BW: The fact is, you cannot change your DNA. But you can manage genetic expression by virtue of diet, nutrition, lifestyle, exercise, and supplementation. My area of expertise is taking ingredients from food, often at much higher levels—the therapeutic range—and giving them to an individual to either up- or downregulate genetic expression. So in some cases, we might want to upregulate a hormone expression more in someone’s favor, in some cases a vitamin D expression, in some cases we want to improve detoxification. There’s often a nutraceutical, something from nature, a botanical, herbal extract, or food extract, that we can introduce to their system and give them an advantage.

Related: 6 All-Natural Ways to Detox Daily

BN: Why do you call glutathione—essential to detoxifying brain cells—“the most important antioxidant in the body and for the brain?”

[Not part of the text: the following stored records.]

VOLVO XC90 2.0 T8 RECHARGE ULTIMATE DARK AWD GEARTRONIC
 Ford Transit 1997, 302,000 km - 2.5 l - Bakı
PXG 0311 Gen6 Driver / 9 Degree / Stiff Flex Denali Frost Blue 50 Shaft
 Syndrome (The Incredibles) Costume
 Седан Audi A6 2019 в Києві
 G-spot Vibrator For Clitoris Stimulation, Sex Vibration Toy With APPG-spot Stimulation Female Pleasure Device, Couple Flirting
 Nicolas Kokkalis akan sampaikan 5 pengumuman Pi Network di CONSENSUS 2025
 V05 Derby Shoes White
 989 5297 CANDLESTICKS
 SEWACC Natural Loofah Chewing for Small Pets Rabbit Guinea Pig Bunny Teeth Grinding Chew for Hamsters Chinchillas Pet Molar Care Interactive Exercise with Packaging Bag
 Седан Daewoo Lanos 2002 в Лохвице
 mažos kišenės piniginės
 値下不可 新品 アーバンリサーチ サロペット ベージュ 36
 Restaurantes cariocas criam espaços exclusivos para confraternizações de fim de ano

BW: The brain has a different mechanism of detoxifying. We have the lymphatic system in the body. They lymph helps with the immune system and gets the junk out. But that doesn’t exist in the brain. In the brain, it’s glymphatics—glial cells sweep up the mess left behind from the day. Everyone produces toxins and everyone detoxifies. The amount of toxins people produce internally and that they’re exposed to in the environment varies, and the speed and efficiency at which different people detoxify varies. So glutathione is the most important antioxidant in the body, bar none. And in the clinical research we see if you have a chronic disease, you’re low in glutathione. And whether you’re genetically predisposed to producing low amounts or you’re simply exposed to a lot of toxins in the environment, we all kind of need more. If you give glutathione back to an individual, they improve because their system’s ability to detoxify improves. But the glymphatics cannot work except at night when you sleep. And at night the brain has to have perfect conditions to detoxify.

BN: What are these ideal sleep conditions?

BW: You need good sleep hygiene. You need a dark, cool room, 68 degrees or so—maybe a little lower in some studies. And you need more than just the hours you clock on the pillow. The depth, the intensity that you sleep, is important for allowing your brain to rejuvenate and detoxify. If you don’t get that quality sleep, your brain won’t throw out the trash.

BN: Any other tips to help our brains detoxify?

BW: Detox tip number one, actually, is to supplement with Glyteine to boost glutathione levels. When you supplement with glutathione, it’s going to float around outside of the cells—though it’s supposed to get into the cells in order to protect the mitochondria and to help you detoxify brain and body. Glyteine is invited into the cell, and then within 60–90 minutes—as human clinical trials prove—it goes to work to increase levels of glutathione. Glyteine will help improve memory because it will get rid of the stuff that’s impeding memory.

And then after sleep hygiene, thirdly, anything you can do to stimulate both heat shock protein and BDNF or brain-derived neurotropic factor, will help indirectly detoxify your brain. Vitamin D, sunshine, and exercise can all stimulate neuroplasticity and neurogenesis, which leads to healthier brain cells and memory. In some cases, it’s as easy as taking a contrast shower (alternating hot and cold water), which stimulates the vagus nerve in the brain into neurogenesis.